Social distancing has not increased wild animals’ populations, but it does seem to have changed their behaviour in seeking new food sources, says Jim Fredericks, chief entomologist at the National Pest Management Association in the USA.
“What we are also seeing is that they are looking for food in places they had not before,” he says. “The part of the equation that is missing right now is people.”
“Animals are opportunistic and feed off trash,” says Claudia Riegel, executive director of the New Orleans Mosquito, Termite and Rodent Control Board. “The restaurants are producing a lot of trash, and right now, a lot of that is just gone.”
This moment of desperation for the rodents can become an opportunity for communities trying to control the pest population because rats are more likely to be lured by traps and baits, Fredericks says.
Riegel and her team are taking advantage of that.
“We are never going to have this chance again, when most of the restaurants and the buildings are temporarily closed,” she says.
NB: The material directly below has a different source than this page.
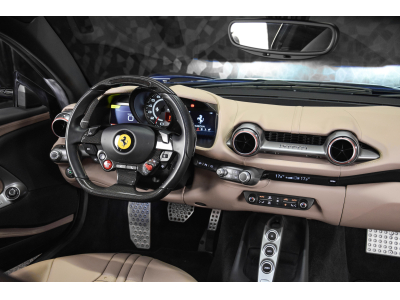 Ferrari 812 Superfast 6.5 V12 - BLEU TOUR DE FRANCE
New York City is known for its large population of already brazen rats, including the notorious Pizza Rat. There has not been a change in behaviour from pests in the city, according to Katy Hansen, spokesperson for the Animal Care Centres of NYC.
“People are not outside leaving food and trash around, so it’s not attracting them,” she says.
But there is a possibility that with the absence of people, and their rubbish, rats in New York become even more brazen in their search for food, as a gang of macaques did in Lopburi, Thailand, last month. The macaques are usually fed by tourists who visit the ancient city, but with an 85 per cent drop in tourism, the monkeys became more aggressive in their search for food.
Humans can easily forget that the cities and towns they call home and frequently visit are also home to wild animals, like the Great Orme goats.
“There is not much we can do,” Stuart says of getting the goats to go home. “There is no sort of truck that they can put them in to get them back up there.
“They go back of their free will or when they get bored.”